The Arrivals’ new album Volatile Molotov is a great addition to the ever-growing library of modern punk rock. There are a lot of modern punk bands performing that have a more sophisticated and refined sound in their instrumentation and songwriting that differs from the antics and stage shows that started punk.
The first track, “Two Years,” is slightly politically charged lyrically, a tongue-in-cheek reference to the apocalyptic predictions for December 2012 that some are still holding onto. “New Gold Standard,” the second song on the album, has a great riff and a solid hook that carries throughout most of the song. The production of this song — as of the entire album — is very precise; no feedback or distortion exists unless it’s supposed to be there.
My favorite song is probably “The Children’s Crusade,” which has a great instrumental breakdown that starts halfway through the song and continues through the end.
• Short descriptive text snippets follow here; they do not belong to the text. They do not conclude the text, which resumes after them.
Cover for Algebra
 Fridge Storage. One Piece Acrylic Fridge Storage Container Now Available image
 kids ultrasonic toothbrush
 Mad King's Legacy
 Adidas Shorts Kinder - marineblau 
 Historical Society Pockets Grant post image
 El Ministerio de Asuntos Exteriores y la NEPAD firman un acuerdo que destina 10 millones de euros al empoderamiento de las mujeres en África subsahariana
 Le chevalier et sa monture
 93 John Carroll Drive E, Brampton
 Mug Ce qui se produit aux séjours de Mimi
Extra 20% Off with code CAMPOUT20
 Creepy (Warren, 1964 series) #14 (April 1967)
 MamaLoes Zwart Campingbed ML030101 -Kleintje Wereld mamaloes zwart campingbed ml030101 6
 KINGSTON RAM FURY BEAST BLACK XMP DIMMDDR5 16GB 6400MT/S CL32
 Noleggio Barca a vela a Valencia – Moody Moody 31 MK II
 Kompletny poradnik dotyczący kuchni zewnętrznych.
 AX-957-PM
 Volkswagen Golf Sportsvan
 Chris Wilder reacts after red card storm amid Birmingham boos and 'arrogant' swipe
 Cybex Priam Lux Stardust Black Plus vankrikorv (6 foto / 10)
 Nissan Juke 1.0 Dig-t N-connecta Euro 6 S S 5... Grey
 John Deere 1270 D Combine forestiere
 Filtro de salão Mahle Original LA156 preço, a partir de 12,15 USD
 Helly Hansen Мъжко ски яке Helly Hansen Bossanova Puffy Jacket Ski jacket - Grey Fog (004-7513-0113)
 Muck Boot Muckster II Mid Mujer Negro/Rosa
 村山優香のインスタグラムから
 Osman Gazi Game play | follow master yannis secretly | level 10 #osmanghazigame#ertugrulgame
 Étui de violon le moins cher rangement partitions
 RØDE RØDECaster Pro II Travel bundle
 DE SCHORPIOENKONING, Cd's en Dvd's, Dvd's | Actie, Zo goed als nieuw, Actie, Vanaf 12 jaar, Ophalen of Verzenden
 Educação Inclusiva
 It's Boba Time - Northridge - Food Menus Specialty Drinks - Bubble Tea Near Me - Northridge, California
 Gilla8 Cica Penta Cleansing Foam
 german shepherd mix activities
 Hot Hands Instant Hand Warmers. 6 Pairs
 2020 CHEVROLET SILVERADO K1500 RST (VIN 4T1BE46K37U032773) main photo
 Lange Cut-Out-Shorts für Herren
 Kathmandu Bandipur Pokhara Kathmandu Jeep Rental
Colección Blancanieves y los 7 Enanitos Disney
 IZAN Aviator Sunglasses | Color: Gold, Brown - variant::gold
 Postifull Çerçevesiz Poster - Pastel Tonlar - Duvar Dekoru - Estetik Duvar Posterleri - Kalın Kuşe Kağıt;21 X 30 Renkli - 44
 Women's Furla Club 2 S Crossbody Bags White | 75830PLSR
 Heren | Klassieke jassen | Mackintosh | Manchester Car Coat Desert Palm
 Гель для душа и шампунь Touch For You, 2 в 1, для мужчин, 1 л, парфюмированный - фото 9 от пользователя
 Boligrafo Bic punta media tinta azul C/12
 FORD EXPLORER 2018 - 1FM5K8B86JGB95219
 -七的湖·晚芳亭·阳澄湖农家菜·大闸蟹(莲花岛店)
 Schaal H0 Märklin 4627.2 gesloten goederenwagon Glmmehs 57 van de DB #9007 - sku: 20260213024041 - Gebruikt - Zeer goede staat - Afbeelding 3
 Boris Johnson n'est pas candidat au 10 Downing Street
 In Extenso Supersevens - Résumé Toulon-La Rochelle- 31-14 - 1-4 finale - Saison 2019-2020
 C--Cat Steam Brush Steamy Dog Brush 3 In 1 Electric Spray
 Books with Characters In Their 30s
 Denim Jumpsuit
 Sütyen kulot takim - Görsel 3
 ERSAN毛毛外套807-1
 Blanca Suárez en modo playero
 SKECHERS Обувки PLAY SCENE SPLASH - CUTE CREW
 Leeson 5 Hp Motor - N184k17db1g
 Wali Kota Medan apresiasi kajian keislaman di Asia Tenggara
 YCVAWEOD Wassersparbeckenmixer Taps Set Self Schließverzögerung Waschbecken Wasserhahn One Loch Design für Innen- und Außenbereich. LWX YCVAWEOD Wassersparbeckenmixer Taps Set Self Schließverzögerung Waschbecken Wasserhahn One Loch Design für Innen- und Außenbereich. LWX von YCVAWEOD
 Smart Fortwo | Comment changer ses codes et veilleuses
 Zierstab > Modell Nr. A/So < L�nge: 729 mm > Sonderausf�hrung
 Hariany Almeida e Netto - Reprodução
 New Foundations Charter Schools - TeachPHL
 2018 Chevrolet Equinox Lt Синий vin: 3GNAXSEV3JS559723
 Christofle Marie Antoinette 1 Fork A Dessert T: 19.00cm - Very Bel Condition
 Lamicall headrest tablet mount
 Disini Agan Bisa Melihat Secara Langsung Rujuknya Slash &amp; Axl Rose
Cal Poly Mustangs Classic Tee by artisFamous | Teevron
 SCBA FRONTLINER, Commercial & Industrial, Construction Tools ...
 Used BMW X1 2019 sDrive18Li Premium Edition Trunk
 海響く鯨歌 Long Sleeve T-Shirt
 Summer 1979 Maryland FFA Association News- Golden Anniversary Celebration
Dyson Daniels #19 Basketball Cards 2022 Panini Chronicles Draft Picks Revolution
Not sure if a Vonnegut reference was intended, as “The Children’s Crusade” was the original title to Kurt Vonnegut’s classic Slaughterhouse Five.
The thing that greatly delineates this album from most other punk albums is its rhythm and flow; the songs aren’t clearly separated — the instrumentation from “The Children’s Crusade” bleeds seamlessly into “The Power Won’t Be Staying on For Long” and then builds throughout that track until it all breaks down into a single guitar string into silence — then, like a scene change in a play, it is silent and “Front Line” picks right up the next part of the album.
The more fun and poppy sound comes back in “The Dilemma,” a very ‘80s-sounding song, something close to the Cure or the Smiths. “Positively Wall Street” is the most boring and least appealing song on the album, but the last three — “The Last Testament,” “Envelope Song,” and “Simple Pleasures in American” — more than make up for the lapse. At almost five minutes long, “The Last Testament” is reminiscent of Refused. “Envelope Song” is almost a minute, a distorted acoustic song that is my personal favorite of the final three tracks. It is a song that makes you reflect on your life when you listen to it, and that minute that the song is playing seems a lot longer than it should have been, and as the last echo of the guitar fades out and into “Simple Pleasures in America” the drums pick up and The Arrivals end the album on a fun note instead of the bleak, apocalyptic place that the album spends most of its time in.
Any fans of the Chicago music scene probably already know about The Arrivals, but for any fans of Refused, the Flatliners, or anyone sick of immature punk rock songs from their teenage days should check out Volatile Molotov.